Something this complicated defies easy answers. But here’s one that strikes us as logical: When health care providers become better and more efficient the patient wins, but that win doesn’t necessarily translate into cost savings.
For example, the hospital that responds most effectively to incentive-based payment models will provide better care, make fewer mistakes, and see fewer re-admissions, resulting in smaller insurance payments on behalf of its individual patients.
But if the hospital frees up patient space faster, doesn’t it lose revenue? We can pay the hospital a reward for providing less but higher quality care, but then where do the savings come from?
And the hospital won’t want to leave beds empty. It will want to fill those beds by seeing more patients. Where will they come from? Presumably, those patients will be individuals who come to the high performing hospital instead of a lower performing hospital. The resulting competition may reward the high performers with more customers and challenge the low performers to up their games. But will health care payers (like Medicare and health insurance companies) truly spend less? Or will they instead simply get more–get a bigger bang–for the same bucks? That wouldn’t be bad, but what happens to the savings?
That’s the rub. The savings must come from somewhere. Health reform puts much emphasis on prevention and coordinated care through concepts like “medical homes,” which orchestrate patient care with an eye toward keeping individuals healthier, rather than treating their sicknesses.
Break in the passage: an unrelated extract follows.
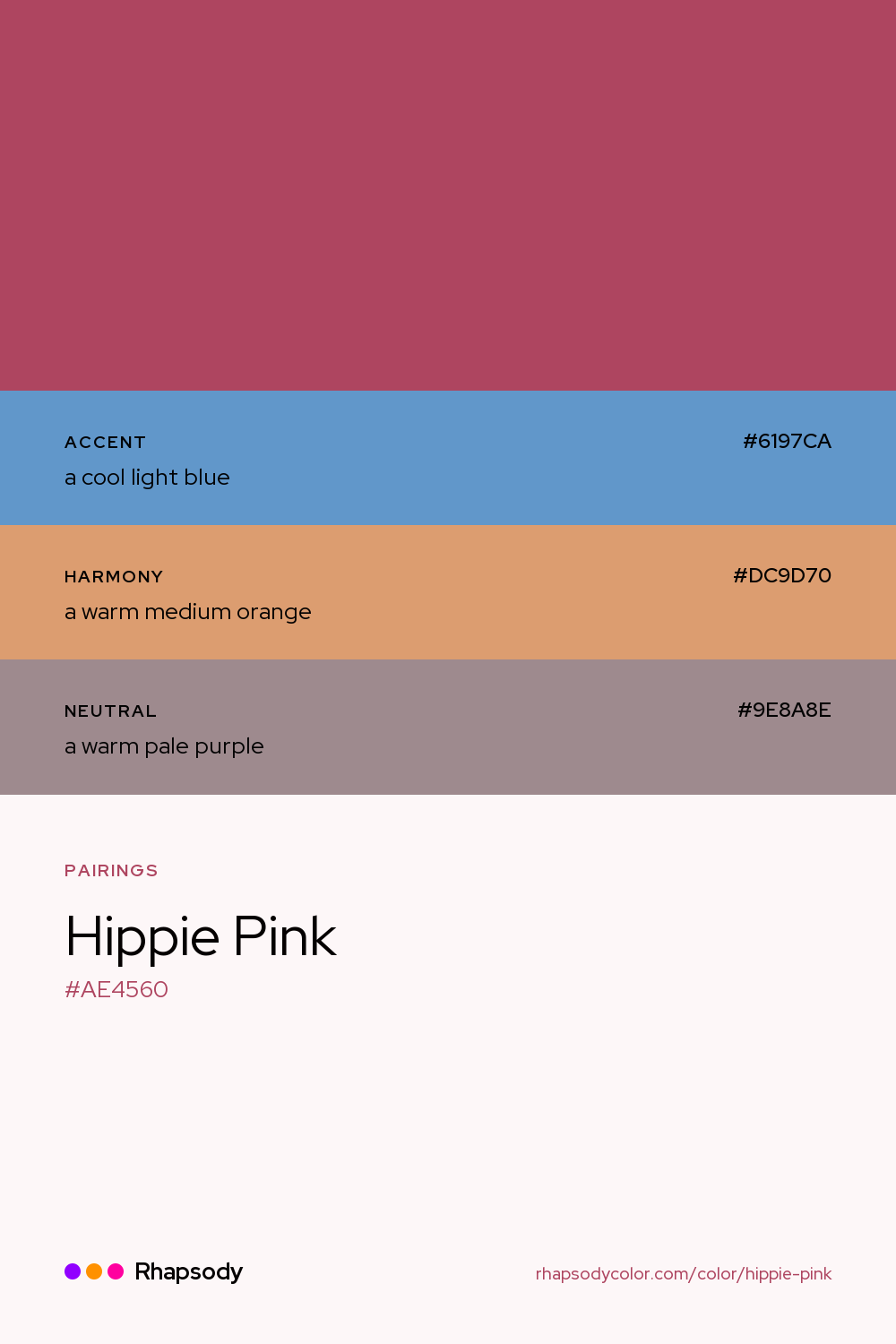Hippie Pink paired with a cool light blue #6197CA, a warm medium orange #DC9D70, a warm pale purple #9E8A8E: hex values and roles, from Rhapsody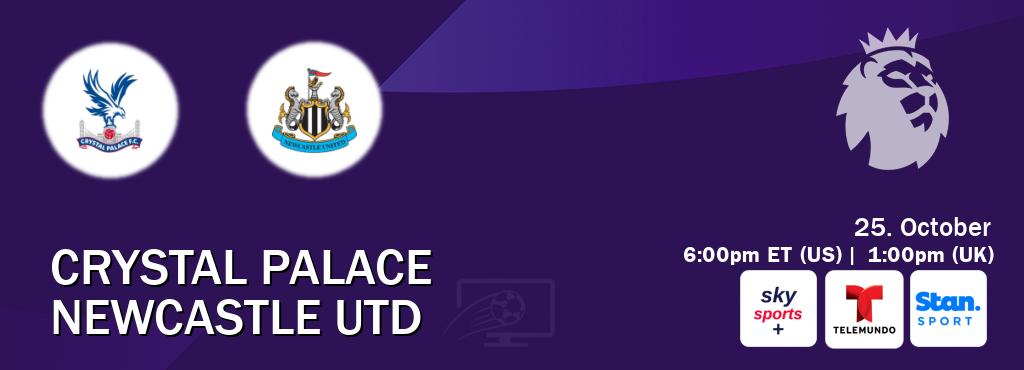 You can watch game live between Crystal Palace and Newcastle Utd on Sky Sports+(UK), Telemundo(US), Stan Sport(AU). You can watch game live between Crystal Palace and Newcastle Utd on Sky Sports+(UK), Telemundo(US), Stan Sport(AU).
But, like the higher-functioning hospitals, if primary care doctors are rendering treatment to fewer patients because the patients are healthier, how do the doctors keep their waiting rooms full, in order to pay the bills? The answer, of course, is that we have to pay doctors for keeping patients healthy. But if we do that—if we pay doctors to supply care, and pay them to not supply care—how do we achieve reductions in spending meaningful enough to drive down the cost of insurance? At the end of the day, someone has to make less. But how?
If we were smart enough to solve that riddle we wouldn’t be spending Friday afternoons writing blog articles.
The author thanks Ian Chuang, M.D., one of Lockton Benefit Group’s Medical Directors, for his insight with respect to the challenges posed by health care payment reform.